### SUPPLIED INFORMATION

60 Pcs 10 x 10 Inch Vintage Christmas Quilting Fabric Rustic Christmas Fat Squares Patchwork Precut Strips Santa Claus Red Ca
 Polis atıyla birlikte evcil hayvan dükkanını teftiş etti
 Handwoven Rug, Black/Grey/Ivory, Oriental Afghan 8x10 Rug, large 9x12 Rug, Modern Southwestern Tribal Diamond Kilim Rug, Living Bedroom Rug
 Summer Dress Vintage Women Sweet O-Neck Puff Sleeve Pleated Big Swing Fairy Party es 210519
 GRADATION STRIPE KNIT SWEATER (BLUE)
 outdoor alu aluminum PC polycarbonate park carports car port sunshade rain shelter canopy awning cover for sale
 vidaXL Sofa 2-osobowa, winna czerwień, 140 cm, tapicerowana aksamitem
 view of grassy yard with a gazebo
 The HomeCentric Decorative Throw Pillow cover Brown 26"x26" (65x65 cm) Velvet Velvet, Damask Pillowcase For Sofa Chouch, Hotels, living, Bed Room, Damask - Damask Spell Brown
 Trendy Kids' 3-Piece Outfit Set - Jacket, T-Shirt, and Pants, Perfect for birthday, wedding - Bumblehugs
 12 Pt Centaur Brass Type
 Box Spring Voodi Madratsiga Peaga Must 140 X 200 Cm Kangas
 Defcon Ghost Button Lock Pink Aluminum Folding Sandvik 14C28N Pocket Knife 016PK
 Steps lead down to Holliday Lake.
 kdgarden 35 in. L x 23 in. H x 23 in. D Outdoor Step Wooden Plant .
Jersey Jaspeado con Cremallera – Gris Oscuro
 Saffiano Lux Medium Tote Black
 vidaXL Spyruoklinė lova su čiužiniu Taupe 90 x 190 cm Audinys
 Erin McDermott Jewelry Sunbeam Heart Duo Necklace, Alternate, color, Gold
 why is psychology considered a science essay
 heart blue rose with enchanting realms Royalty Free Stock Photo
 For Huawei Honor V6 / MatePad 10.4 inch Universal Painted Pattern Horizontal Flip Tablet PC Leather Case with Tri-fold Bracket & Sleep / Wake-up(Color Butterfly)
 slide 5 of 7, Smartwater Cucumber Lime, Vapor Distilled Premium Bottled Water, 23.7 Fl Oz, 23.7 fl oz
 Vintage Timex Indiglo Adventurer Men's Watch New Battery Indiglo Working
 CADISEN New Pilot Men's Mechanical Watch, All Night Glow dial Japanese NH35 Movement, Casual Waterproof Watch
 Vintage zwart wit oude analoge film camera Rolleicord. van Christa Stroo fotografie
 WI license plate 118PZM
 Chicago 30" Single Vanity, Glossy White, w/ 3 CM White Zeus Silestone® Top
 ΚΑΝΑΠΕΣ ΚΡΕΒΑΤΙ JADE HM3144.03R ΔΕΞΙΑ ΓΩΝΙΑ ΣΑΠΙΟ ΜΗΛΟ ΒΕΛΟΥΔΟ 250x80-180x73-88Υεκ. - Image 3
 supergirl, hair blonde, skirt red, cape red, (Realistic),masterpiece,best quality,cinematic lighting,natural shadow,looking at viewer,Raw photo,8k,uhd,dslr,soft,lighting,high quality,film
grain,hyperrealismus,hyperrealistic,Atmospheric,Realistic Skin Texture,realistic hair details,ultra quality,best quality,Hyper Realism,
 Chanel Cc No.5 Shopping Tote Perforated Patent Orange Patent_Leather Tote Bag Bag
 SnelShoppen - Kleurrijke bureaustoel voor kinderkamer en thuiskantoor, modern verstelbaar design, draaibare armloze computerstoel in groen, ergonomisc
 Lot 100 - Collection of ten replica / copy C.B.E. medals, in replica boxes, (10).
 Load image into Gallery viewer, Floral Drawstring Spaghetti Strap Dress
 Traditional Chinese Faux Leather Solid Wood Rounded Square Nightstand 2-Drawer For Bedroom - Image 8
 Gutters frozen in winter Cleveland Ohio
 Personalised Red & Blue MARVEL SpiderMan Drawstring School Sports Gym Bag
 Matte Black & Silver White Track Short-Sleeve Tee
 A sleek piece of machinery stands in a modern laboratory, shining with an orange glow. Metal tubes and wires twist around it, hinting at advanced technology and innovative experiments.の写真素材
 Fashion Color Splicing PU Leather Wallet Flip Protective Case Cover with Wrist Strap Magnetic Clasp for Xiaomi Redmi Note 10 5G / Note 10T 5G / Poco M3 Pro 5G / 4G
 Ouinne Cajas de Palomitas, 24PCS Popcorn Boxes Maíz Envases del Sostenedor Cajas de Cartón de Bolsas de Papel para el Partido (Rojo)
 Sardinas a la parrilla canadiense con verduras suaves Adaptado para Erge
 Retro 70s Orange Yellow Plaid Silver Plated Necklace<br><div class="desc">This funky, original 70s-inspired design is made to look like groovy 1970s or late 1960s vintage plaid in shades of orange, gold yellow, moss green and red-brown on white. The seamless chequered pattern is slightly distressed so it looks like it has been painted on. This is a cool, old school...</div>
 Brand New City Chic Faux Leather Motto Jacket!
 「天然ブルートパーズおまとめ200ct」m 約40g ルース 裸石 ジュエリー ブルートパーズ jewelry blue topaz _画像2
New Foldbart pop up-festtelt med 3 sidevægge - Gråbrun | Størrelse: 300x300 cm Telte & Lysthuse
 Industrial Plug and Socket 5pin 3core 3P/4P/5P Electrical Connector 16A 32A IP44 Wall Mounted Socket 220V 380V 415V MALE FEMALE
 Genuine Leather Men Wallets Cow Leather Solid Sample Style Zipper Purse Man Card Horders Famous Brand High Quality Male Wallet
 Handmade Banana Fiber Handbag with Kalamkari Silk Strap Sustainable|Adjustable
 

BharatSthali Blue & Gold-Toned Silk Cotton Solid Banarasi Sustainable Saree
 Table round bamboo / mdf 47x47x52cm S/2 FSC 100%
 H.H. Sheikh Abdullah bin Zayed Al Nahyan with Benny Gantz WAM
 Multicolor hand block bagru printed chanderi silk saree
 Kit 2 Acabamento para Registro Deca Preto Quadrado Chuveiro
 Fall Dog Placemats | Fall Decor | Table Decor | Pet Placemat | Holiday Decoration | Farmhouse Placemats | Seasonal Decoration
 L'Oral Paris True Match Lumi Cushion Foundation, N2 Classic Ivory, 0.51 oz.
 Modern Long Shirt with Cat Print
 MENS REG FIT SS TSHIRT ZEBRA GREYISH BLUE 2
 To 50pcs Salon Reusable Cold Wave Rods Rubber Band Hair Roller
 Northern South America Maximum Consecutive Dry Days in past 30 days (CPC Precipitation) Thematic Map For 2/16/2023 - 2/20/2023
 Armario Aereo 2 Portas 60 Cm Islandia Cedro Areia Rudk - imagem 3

### WORK ITEM
Repeat the data verbatim.

### REPLY
60 Pcs 10 x 10 Inch Vintage Christmas Quilting Fabric Rustic Christmas Fat Squares Patchwork Precut Strips Santa Claus Red Ca
 Polis atıyla birlikte evcil hayvan dükkanını teftiş etti
 Handwoven Rug, Black/Grey/Ivory, Oriental Afghan 8x10 Rug, large 9x12 Rug, Modern Southwestern Tribal Diamond Kilim Rug, Living Bedroom Rug
 Summer Dress Vintage Women Sweet O-Neck Puff Sleeve Pleated Big Swing Fairy Party es 210519
 GRADATION STRIPE KNIT SWEATER (BLUE)
 outdoor alu aluminum PC polycarbonate park carports car port sunshade rain shelter canopy awning cover for sale
 vidaXL Sofa 2-osobowa, winna czerwień, 140 cm, tapicerowana aksamitem
 view of grassy yard with a gazebo
 The HomeCentric Decorative Throw Pillow cover Brown 26"x26" (65x65 cm) Velvet Velvet, Damask Pillowcase For Sofa Chouch, Hotels, living, Bed Room, Damask - Damask Spell Brown
 Trendy Kids' 3-Piece Outfit Set - Jacket, T-Shirt, and Pants, Perfect for birthday, wedding - Bumblehugs
 12 Pt Centaur Brass Type
 Box Spring Voodi Madratsiga Peaga Must 140 X 200 Cm Kangas
 Defcon Ghost Button Lock Pink Aluminum Folding Sandvik 14C28N Pocket Knife 016PK
 Steps lead down to Holliday Lake.
 kdgarden 35 in. L x 23 in. H x 23 in. D Outdoor Step Wooden Plant .
Jersey Jaspeado con Cremallera – Gris Oscuro
 Saffiano Lux Medium Tote Black
 vidaXL Spyruoklinė lova su čiužiniu Taupe 90 x 190 cm Audinys
 Erin McDermott Jewelry Sunbeam Heart Duo Necklace, Alternate, color, Gold
 why is psychology considered a science essay
 heart blue rose with enchanting realms Royalty Free Stock Photo
 For Huawei Honor V6 / MatePad 10.4 inch Universal Painted Pattern Horizontal Flip Tablet PC Leather Case with Tri-fold Bracket & Sleep / Wake-up(Color Butterfly)
 slide 5 of 7, Smartwater Cucumber Lime, Vapor Distilled Premium Bottled Water, 23.7 Fl Oz, 23.7 fl oz
 Vintage Timex Indiglo Adventurer Men's Watch New Battery Indiglo Working
 CADISEN New Pilot Men's Mechanical Watch, All Night Glow dial Japanese NH35 Movement, Casual Waterproof Watch
 Vintage zwart wit oude analoge film camera Rolleicord. van Christa Stroo fotografie
 WI license plate 118PZM
 Chicago 30" Single Vanity, Glossy White, w/ 3 CM White Zeus Silestone® Top
 ΚΑΝΑΠΕΣ ΚΡΕΒΑΤΙ JADE HM3144.03R ΔΕΞΙΑ ΓΩΝΙΑ ΣΑΠΙΟ ΜΗΛΟ ΒΕΛΟΥΔΟ 250x80-180x73-88Υεκ. - Image 3
 supergirl, hair blonde, skirt red, cape red, (Realistic),masterpiece,best quality,cinematic lighting,natural shadow,looking at viewer,Raw photo,8k,uhd,dslr,soft,lighting,high quality,film
grain,hyperrealismus,hyperrealistic,Atmospheric,Realistic Skin Texture,realistic hair details,ultra quality,best quality,Hyper Realism,
 Chanel Cc No.5 Shopping Tote Perforated Patent Orange Patent_Leather Tote Bag Bag
 SnelShoppen - Kleurrijke bureaustoel voor kinderkamer en thuiskantoor, modern verstelbaar design, draaibare armloze computerstoel in groen, ergonomisc
 Lot 100 - Collection of ten replica / copy C.B.E. medals, in replica boxes, (10).
 Load image into Gallery viewer, Floral Drawstring Spaghetti Strap Dress
 Traditional Chinese Faux Leather Solid Wood Rounded Square Nightstand 2-Drawer For Bedroom - Image 8
 Gutters frozen in winter Cleveland Ohio
 Personalised Red & Blue MARVEL SpiderMan Drawstring School Sports Gym Bag
 Matte Black & Silver White Track Short-Sleeve Tee
 A sleek piece of machinery stands in a modern laboratory, shining with an orange glow. Metal tubes and wires twist around it, hinting at advanced technology and innovative experiments.の写真素材
 Fashion Color Splicing PU Leather Wallet Flip Protective Case Cover with Wrist Strap Magnetic Clasp for Xiaomi Redmi Note 10 5G / Note 10T 5G / Poco M3 Pro 5G / 4G
 Ouinne Cajas de Palomitas, 24PCS Popcorn Boxes Maíz Envases del Sostenedor Cajas de Cartón de Bolsas de Papel para el Partido (Rojo)
 Sardinas a la parrilla canadiense con verduras suaves Adaptado para Erge
 Retro 70s Orange Yellow Plaid Silver Plated Necklace<br><div class="desc">This funky, original 70s-inspired design is made to look like groovy 1970s or late 1960s vintage plaid in shades of orange, gold yellow, moss green and red-brown on white. The seamless chequered pattern is slightly distressed so it looks like it has been painted on. This is a cool, old school...</div>
 Brand New City Chic Faux Leather Motto Jacket!
 「天然ブルートパーズおまとめ200ct」m 約40g ルース 裸石 ジュエリー ブルートパーズ jewelry blue topaz _画像2
New Foldbart pop up-festtelt med 3 sidevægge - Gråbrun | Størrelse: 300x300 cm Telte & Lysthuse
 Industrial Plug and Socket 5pin 3core 3P/4P/5P Electrical Connector 16A 32A IP44 Wall Mounted Socket 220V 380V 415V MALE FEMALE
 Genuine Leather Men Wallets Cow Leather Solid Sample Style Zipper Purse Man Card Horders Famous Brand High Quality Male Wallet
 Handmade Banana Fiber Handbag with Kalamkari Silk Strap Sustainable|Adjustable
 

BharatSthali Blue & Gold-Toned Silk Cotton Solid Banarasi Sustainable Saree
 Table round bamboo / mdf 47x47x52cm S/2 FSC 100%
 H.H. Sheikh Abdullah bin Zayed Al Nahyan with Benny Gantz WAM
 Multicolor hand block bagru printed chanderi silk saree
 Kit 2 Acabamento para Registro Deca Preto Quadrado Chuveiro
 Fall Dog Placemats | Fall Decor | Table Decor | Pet Placemat | Holiday Decoration | Farmhouse Placemats | Seasonal Decoration
 L'Oral Paris True Match Lumi Cushion Foundation, N2 Classic Ivory, 0.51 oz.
 Modern Long Shirt with Cat Print
 MENS REG FIT SS TSHIRT ZEBRA GREYISH BLUE 2
 To 50pcs Salon Reusable Cold Wave Rods Rubber Band Hair Roller
 Northern South America Maximum Consecutive Dry Days in past 30 days (CPC Precipitation) Thematic Map For 2/16/2023 - 2/20/2023
 Armario Aereo 2 Portas 60 Cm Islandia Cedro Areia Rudk - imagem 3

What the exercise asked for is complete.